Keep in mind the purpose of the multiple listing. It’s a database of listings by agents for agents. The general public can go to a brokerage website and look at listings for homes, but only a small portion of the information on the MLS is shown on the brokerage websites, and each individual brokerage decides what is shown on their website. It’s designed to encourage buyers to call an agent to get more information.
Another misconception about the multiple listing service is that anybody can look at it, and that’s just not true. The multiple listing service is a password protected, private data base. There are portions of it that are visible to the public on various brokerage websites, but unless you are a licensed agent, you cannot see all of the details. Information on how to contact the seller is available to the agents once they are logged in, but the general public won’t see it. Remember when you put your home in the MLS with a by owner program, you are advertising to agents that are working with buyers. Buyers may find your home online through an MLS affiliated website, but they will need to go through an agent to get all the details. Unless you are an agent with a membership to the local MLS, your listing will not show you as the “listing agent.” It will be linked to the local agent that is a representative of the by owner MLS program you are using.
Often I’ve spoken with home sellers that believe that REALTOR.com® is the MLS. Again, close, but not true. The MLS isn’t standardized across the country. Different cities or regions have independent MLS databases. Like the brokerage websites, information from the local MLS is shown through REALTOR.com’s® website, but again, it’s only part of the bigger picture. Brokerages and agents pay REALTOR.com® to have their listings shown. The more information and photos they want to show, the more they have to pay. Not all brokerages or agents spring for this, so if this is important to you, ask the company you are considering working with, what level of advertising you can expect to get on REALTOR.com® through their program.
Expect to pay more to sell your home if your primary advertising is through the MLS. When you advertise to agents, you will likely sell to a buyer that’s working with an agent, resulting in a commission. If you want to save money on a commission, advertise outside of the MLS as well. You’ll expand your marketing area and have a chance of selling in a straight by owner transaction and save even more.
While we are on the topic of commissions, we are often asked about offering less than the standard commission. A broker experimented with this for almost two years in Spokane, Washington. At the time, the market was good, averaging about 60-90 days for the median priced homes. Sellers that offered less than 3% to the buyer’s agent got no response. After 6 months of watching the results, we discouraged sellers from using this approach, after two years, due to the horrible response, the broker discontinued this option. Removing the incentive for agents to show your home, even during a ‘sellers market,’ results in no showings. No showings, no sale.

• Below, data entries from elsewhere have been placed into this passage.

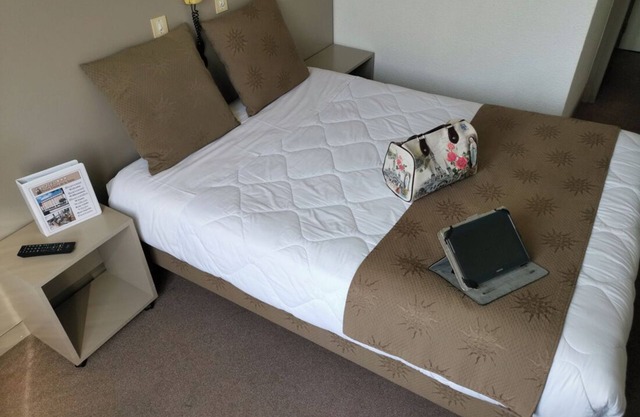 Relax in Comfort, Pet-Friendly Rooms with Parking and Easy Access to Attractions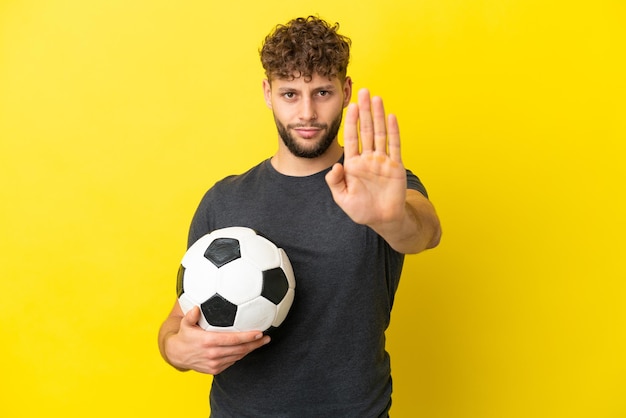 Bel giovane calciatore uomo isolato su sfondo giallo che fa il gesto di arresto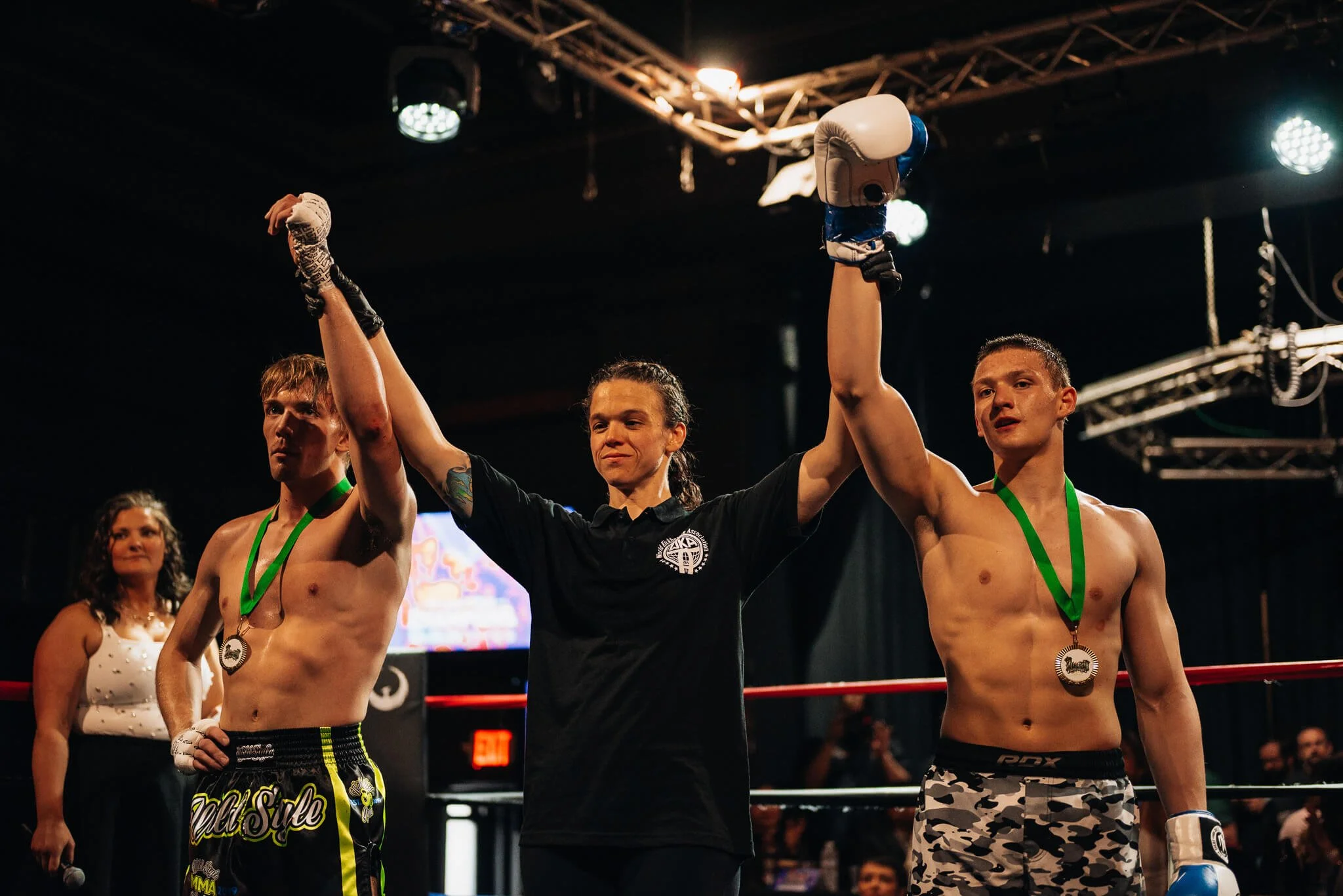 A referee raises a fighter’s hand after a Muay Thai match at All City Fight Night.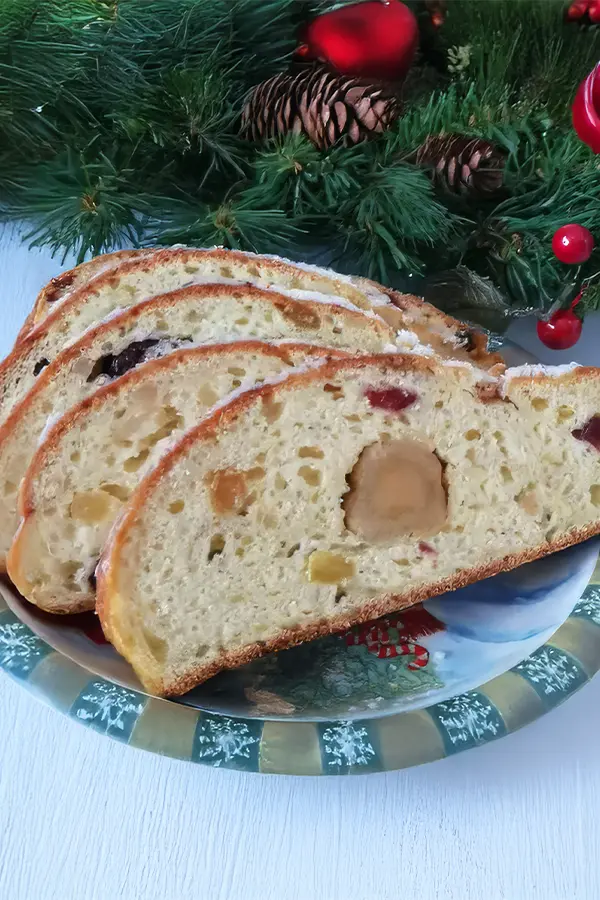 Slices of fruit-filled stollen on a festive plate, with a holiday-themed decoration of pine branches and red ornaments in the background.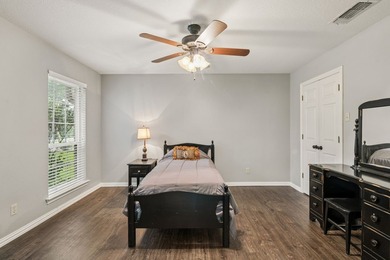 Beautifully situated on a heavily treed one-acre lot in the - photo 23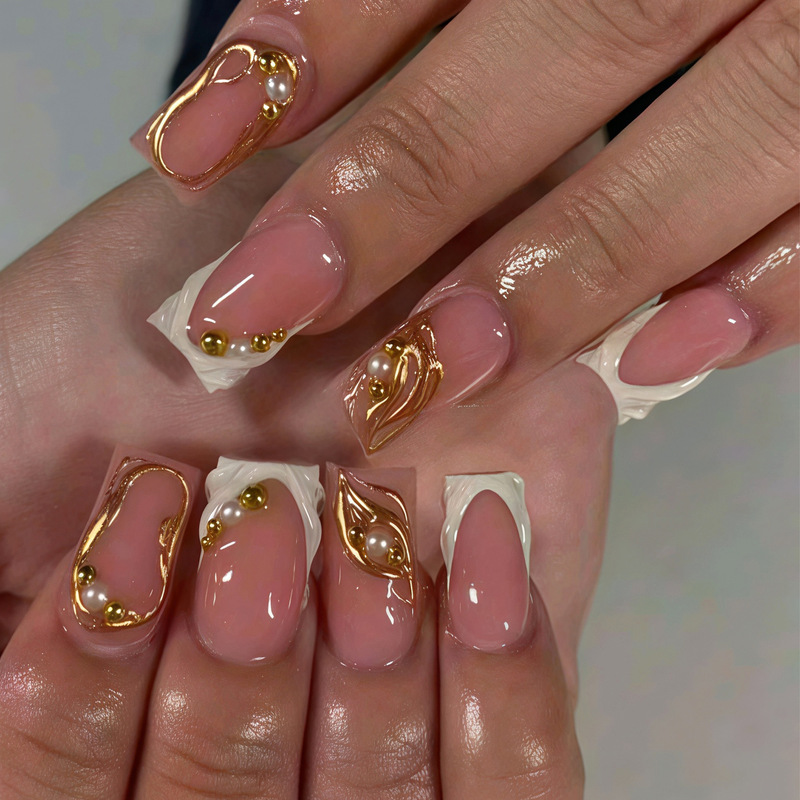 3D three-dimensional pearl manicure in nude pink base color, simple and elegant design with gold accents, French-style false nails wholesale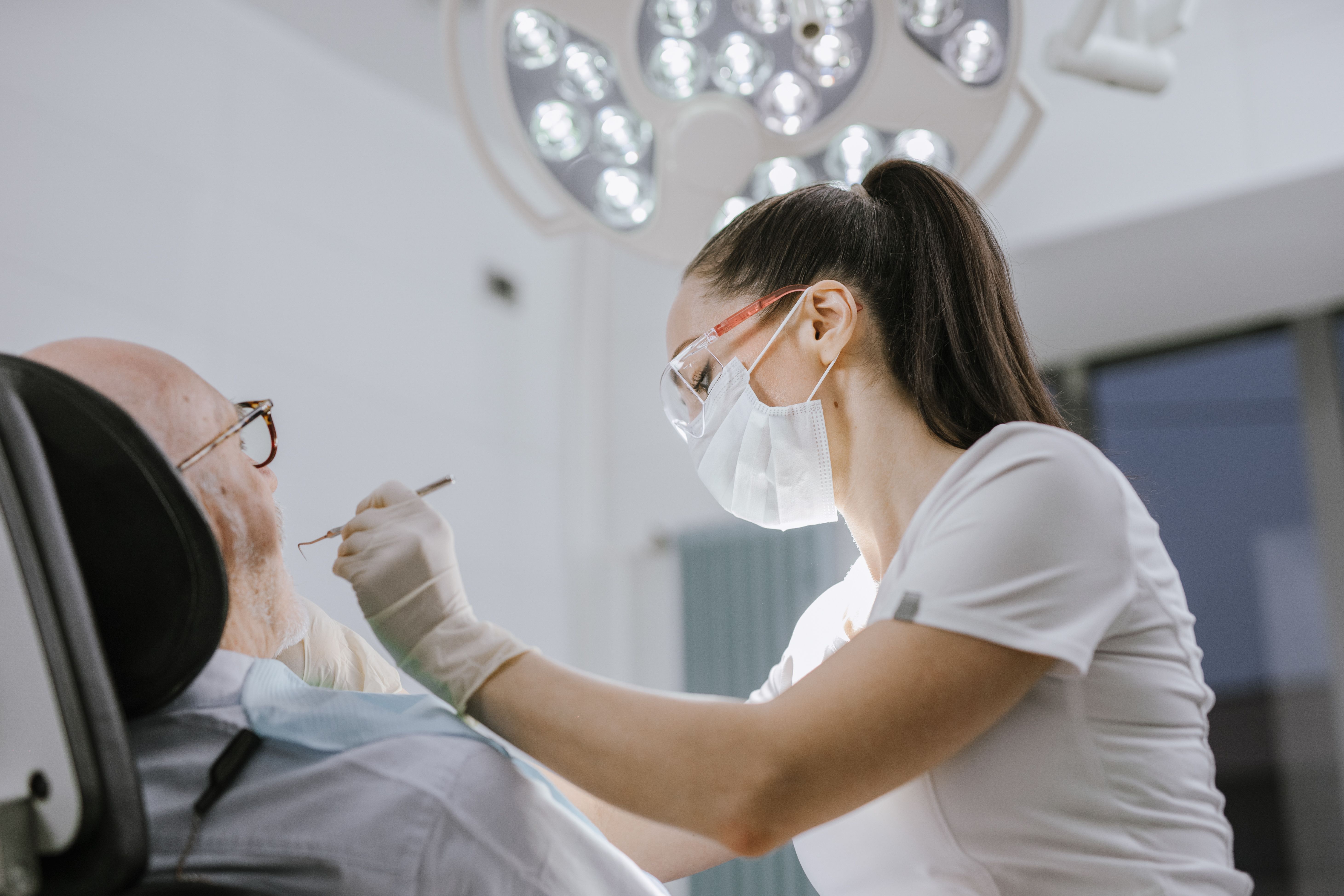 Dentist examining a patient under the operatory light
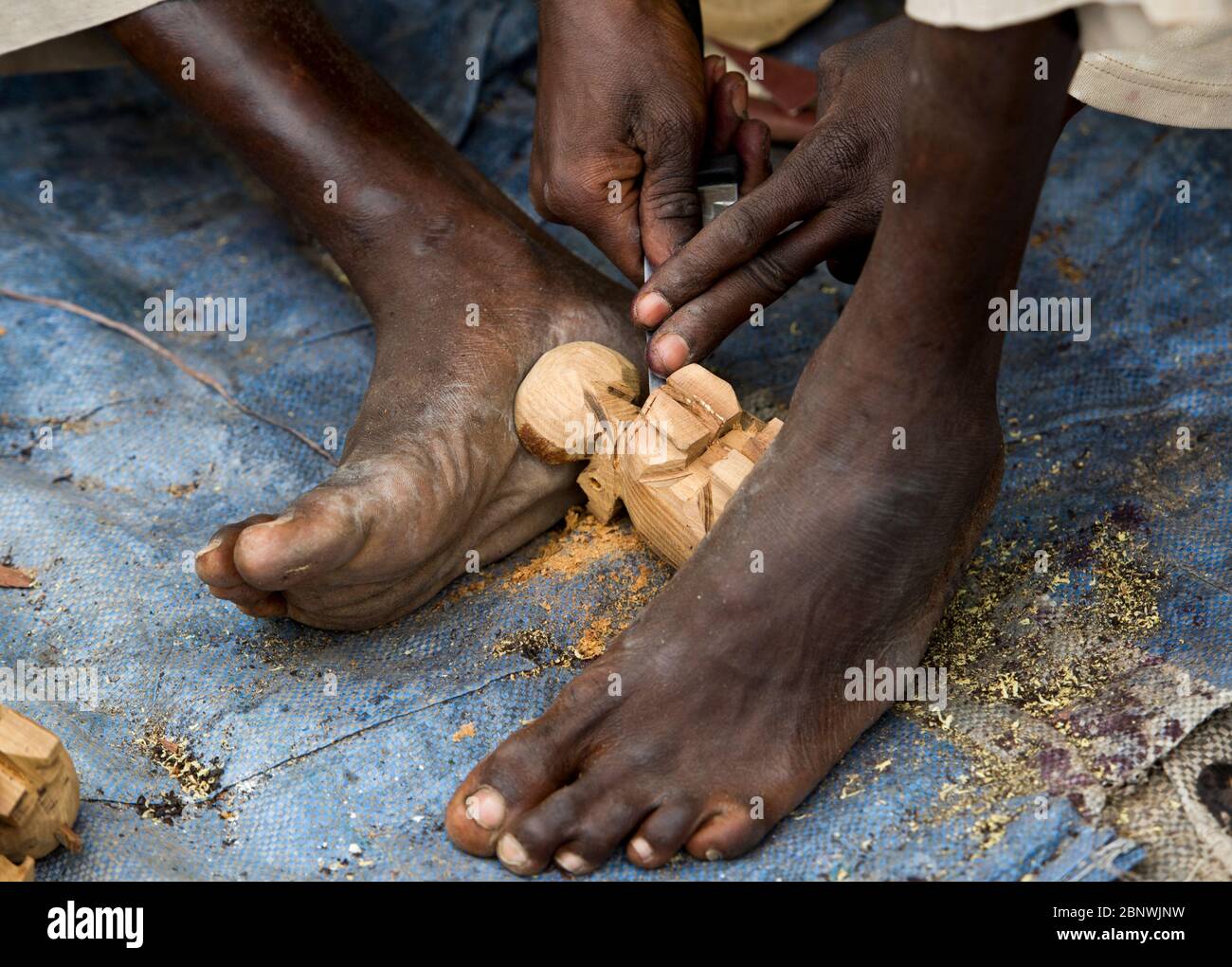 Nahaufnahme eines traditionellen Holzschnitzers Hände und Füße, Dakar, Senegal, Westafrika. Stockfoto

Lastly, beware of becoming a vending machine for a local agent. This isn’t much of an issue unless you are overpriced. Overpriced homes are frequently used by agents to compare against correctly priced homes. If a brokerage provides you a yard sign, and your home is overpriced, buyers will call the number on the sign and talk to an agent to hear about your home. The agent will get their contact information and can get them a list of other similar homes in case your’s doesn’t fit the bill. If your home is overpriced, it never sells because there are others on the list that are just as nice or nicer that are priced cheaper. When your are using an MLS program to be by owner on the MLS, the agent you work with isn’t spending any money on advertising (that’s your job), so if you are overpriced, you just end up being a vending machine, serving up buyers to the agency whose sign you are using. It’s not a bad thing to use an agency’s sign in your yard, as long as you are priced correctly.
What questions and experiences do you have about working with the MLS as a by owner seller? Add them to the comments area to keep this topic interactive.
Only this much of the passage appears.